Cloudflare's name comes up constantly in web infrastructure conversations, partly because it offers several distinct products that often get talked about as if they're one thing.
A content delivery network caches copies of your site's static content (images, CSS, scripts) on servers distributed around the world, so a visitor in another country loads your site from a nearby server instead of one that might be halfway across the planet. This is the part of Cloudflare most people mean when they say they "use Cloudflare" — it's largely invisible day-to-day, it just makes the site faster.
The web application firewall inspects incoming requests for attack patterns — SQL injection attempts, cross-site scripting, malicious bots — and blocks them before they ever reach your actual server. This is a genuinely separate function from the CDN, even though both sit in front of your site at the network level.
Cloudflare also offers DNS hosting, which is the system that translates your domain name into the actual server address a browser connects to.
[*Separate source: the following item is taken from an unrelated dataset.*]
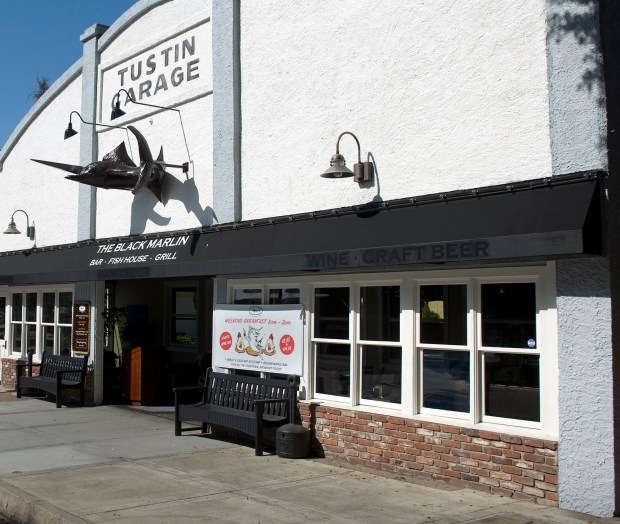 The Black Marlin in Tustin will temporarily close to to undergo an extensive renovation. (File photo by Paul Bersebach, Orange County Register/SCNG)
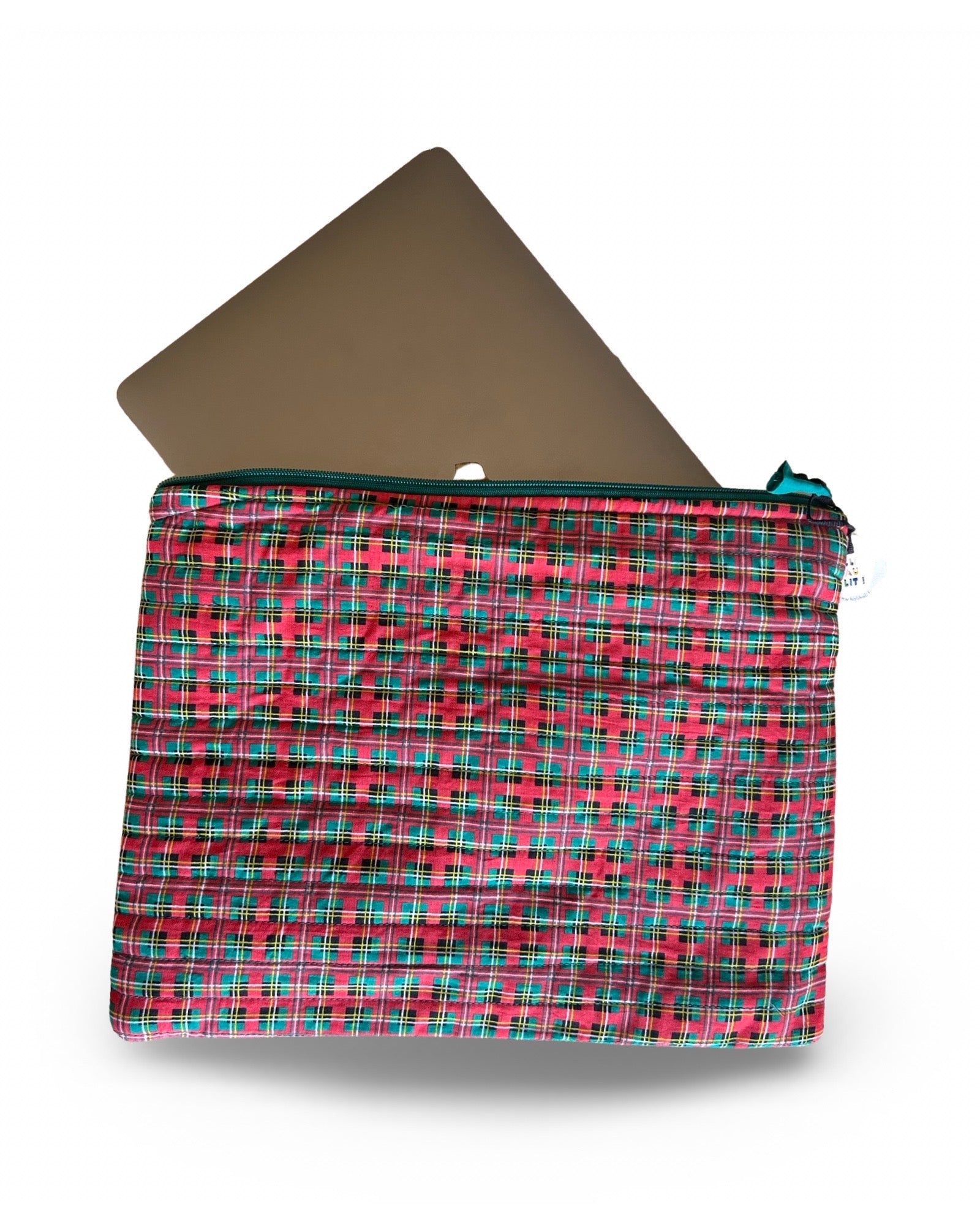 Grande Pochette Tartan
Using Cloudflare's DNS alongside their CDN and WAF is common because it lets all three work together seamlessly, but DNS itself is a distinct service you could technically use without the other two.
Using all three from one provider means traffic gets DNS-resolved, filtered through the WAF, and served from the CDN cache in one continuous path, without handing traffic between different vendors' systems at each step — which is both faster and simpler to manage than stitching together separate providers for each function.
A small site with light traffic benefits most from the CDN (speed) and a basic WAF tier (security) — DNS matters mainly once you need advanced routing or failover capabilities beyond what your domain registrar's default DNS offers.